Work instruction —
Exact wording is required: transcribe all the entries and leave the images out.

Short descriptive text snippets
☆ ☆ ☆ ☆ ☆

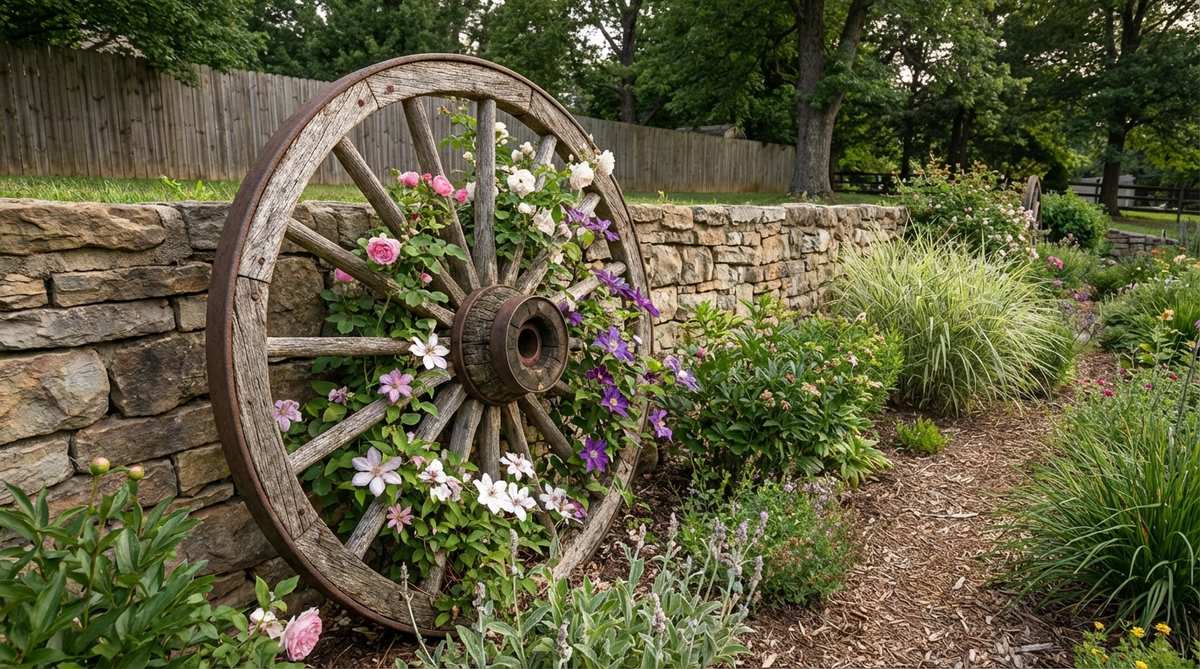 A vintage wagon wheel mounted vertically as a rustic garden trellis, with flowering vines climbing through its radial spoke pattern. The circular design creates a strong focal point while providing structural support for climbing plants in a rustic garden setting.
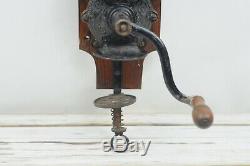 Antique. / Vintage Coffee Grinder Cast Iron Wood Golden Rule Blend Coffee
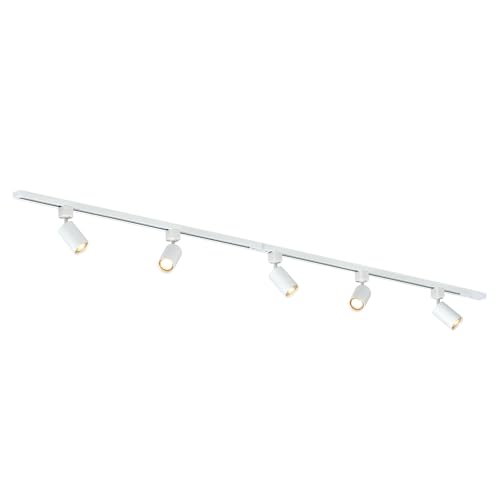 Qub Focus III Monophasé Luminaire Plafonnier LED – 300cm - 5x GU10 Spot Sur Rail - 3x 1m Barre de Spot Plafond – I-Form - Plafonnier intérieur Blanc...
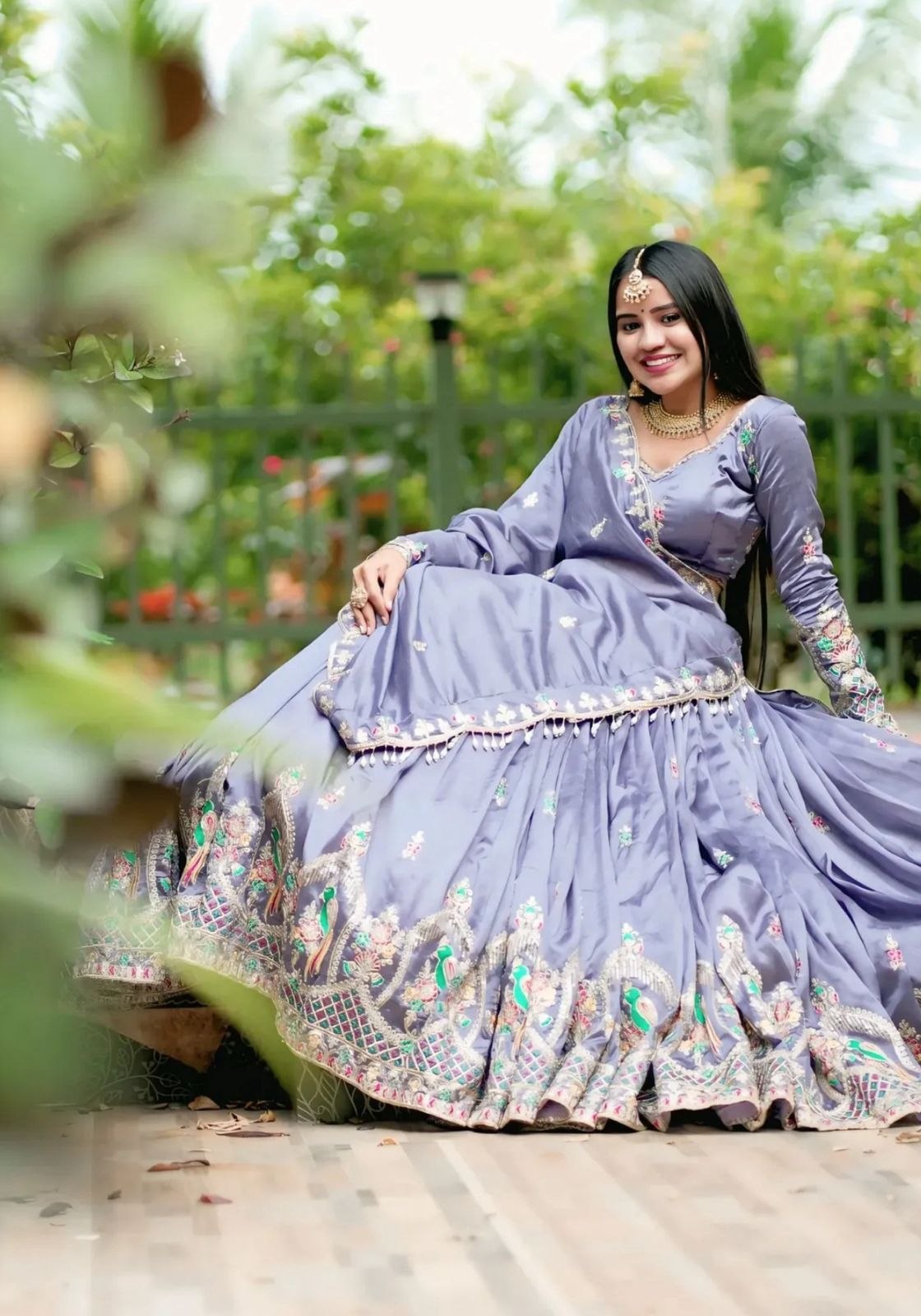 RangBhoomi Exclusive Festival Collection: Exquisite Embroidered Chinon Fabric Ensemble with Lehenga and Dupatta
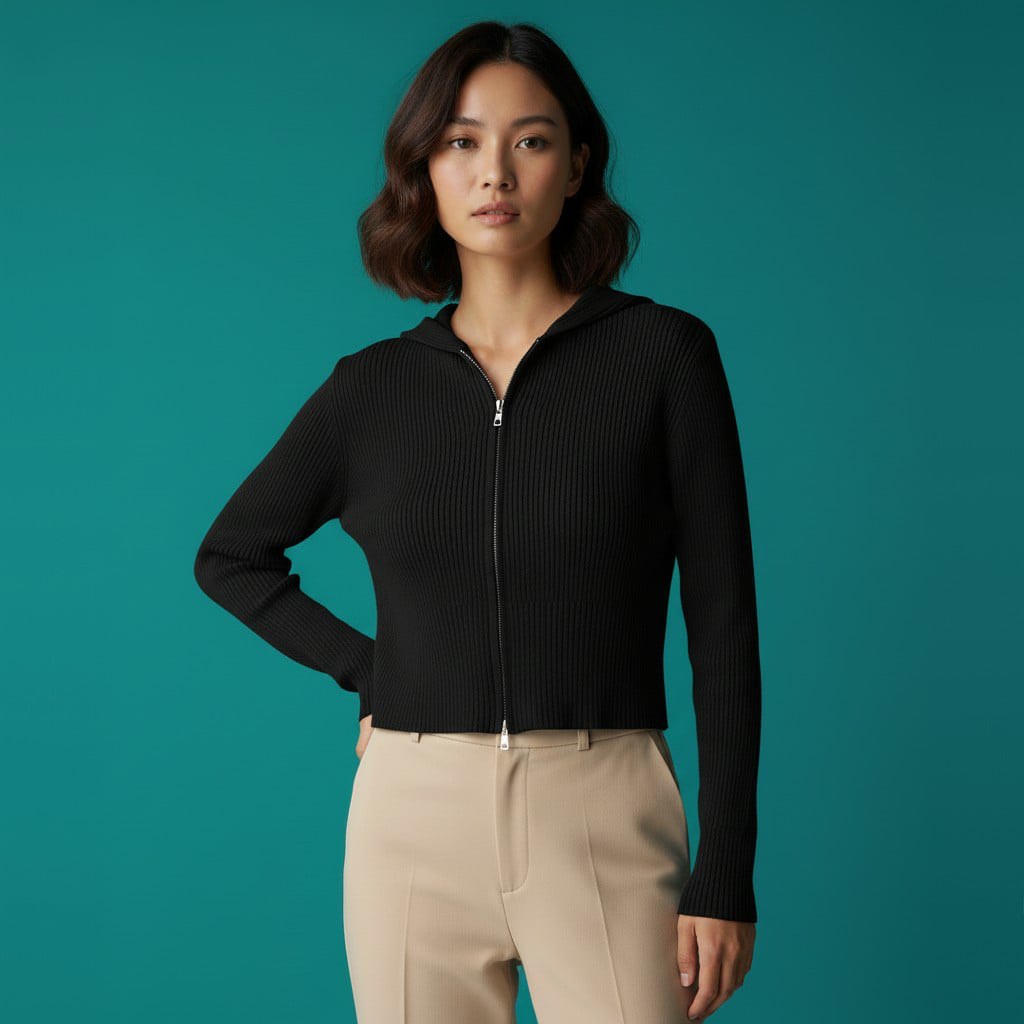 Sweater Hoodie Knit Rajut Wanita Crop Double Zipper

☆ ☆ ☆ ☆ ☆

Exercise output —
 A vintage wagon wheel mounted vertically as a rustic garden trellis, with flowering vines climbing through its radial spoke pattern. The circular design creates a strong focal point while providing structural support for climbing plants in a rustic garden setting.
 Antique. / Vintage Coffee Grinder Cast Iron Wood Golden Rule Blend Coffee
 Qub Focus III Monophasé Luminaire Plafonnier LED – 300cm - 5x GU10 Spot Sur Rail - 3x 1m Barre de Spot Plafond – I-Form - Plafonnier intérieur Blanc...
 RangBhoomi Exclusive Festival Collection: Exquisite Embroidered Chinon Fabric Ensemble with Lehenga and Dupatta
 Sweater Hoodie Knit Rajut Wanita Crop Double Zipper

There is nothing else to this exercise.